In a world in which the front-man for Trump University is an accused fraud running for president, and in a world in which pop-icon Beyoncé lip-synced the U.S anthem at President Obama’s inauguration, what do we all crave? Authenticity.
We hunger for real things and experiences because we are so often disappointed by the made-up or contrived. In our media-saturated world, when we come across something proven to be true, we are overjoyed and we become steadfast, unwavering, loyal acolytes for life.
This brings us to Subaru, a car brand that in its realness is the antithesis of Trump and Beyoncé.
Safe? The Insurance Institute for Highway Safety gives all 2016 Subaru models equipped with EyeSight safety package its Top Safety Pick+ rating.
Resale? ALG says Subaru is No. 1 among mainstream brands.
Quality? Subaru is No. 2 behind Audi, says Consumer Reports; 100 per cent of Subaru models are “recommended.”
The Subaru people — the engineers and marketers, the sales types — jealously and zealously guard the authenticity of their brand. They are rewarded with owner loyalty.
Ah, the engineers. They are in charge at Subaru, insisting that the company produce a line of street-legal rally cars like the WRX and WRX STI. These little beasts are proof-points; they demonstrate the brilliance of the nerds.
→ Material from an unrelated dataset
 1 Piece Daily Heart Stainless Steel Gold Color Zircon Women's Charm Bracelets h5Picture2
The marketers? They tie the brand to competitive rallying and Ironman competitions. Racing Subarus through the woods at breakneck speeds illustrates the ways in which good engineering overcomes trying conditions. Sponsoring marathon swim/bike/run events (that would kill most of us) ties the brand to lean, ultra-fit fanatics who are the human embodiment of rally cars.
Dealers? I picked up my latest Subaru tester, a compact Crosstrek, at a no-nonsense little North Vancouver dealership where the general manager has been in charge seemingly forever.
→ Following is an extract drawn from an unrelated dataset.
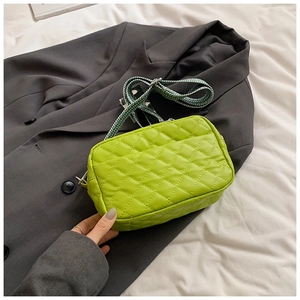 Bright green quilted PU leather crossbody bag with chic woven strap and square design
The showroom was stuffed with cars parked atop worn linoleum. The coffee maker was not exactly the Rolex of its kind. The washrooms were clean but small. Staffing? Everyone was very nice, very helpful, and completely unassuming. I felt like I was inside a tent at Folk Fest, waiting for the Birds of Chicago to break into song.
The Crosstrek itself is kind of a smaller, rougher version of Subaru’s Forester. Or to put it another way, a tall Impreza. The exterior styling is military-like in its execution.
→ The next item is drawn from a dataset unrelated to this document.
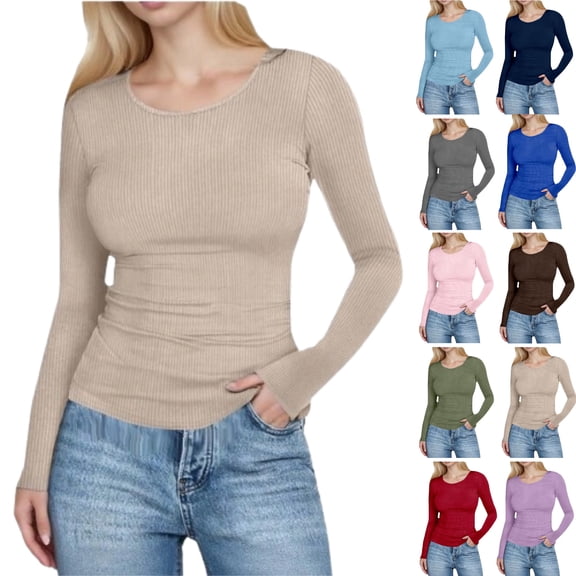 Long Sleeve Shirts for Women Fall Fashion Ribbed Knit Shirts Crew Neck Slim Fit Undershirts Basic T-Shirts,Khaki M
That is, the proportions are off and here’s why: the nose is too long. Surely the excessive overhang ahead of the front wheels is there for crashworthiness, but it’s not attractive. At the rear, you’ll find barely any overhang at all. The Crosstrek is out of balance.
The designers haven’t dressed up the sheetmetal with extra creases or flourishes, which suggests to me the car was designed by engineers. Big wheels and a somewhat taller ride height are practical for cottage-going and do give this wagon a bit of snarl.
Inside, my tester was all black, with some silver inlays here and they to break up the gloom. The materials covering the dashboard and door panels and such were apparently taken off the shelf at Dollarama. Rugged, not fancy.
However, I found the seats brilliant; I felt as though I was in a supportive beanbag chair. I was less thrilled by the tiny little screen on the centre of the dash – the one that manages the infotainment system and such.
The rest of the controls: functional. At the rear is a cargo space big enough to hold Ironman gear for two. Get a roof rack for the bikes.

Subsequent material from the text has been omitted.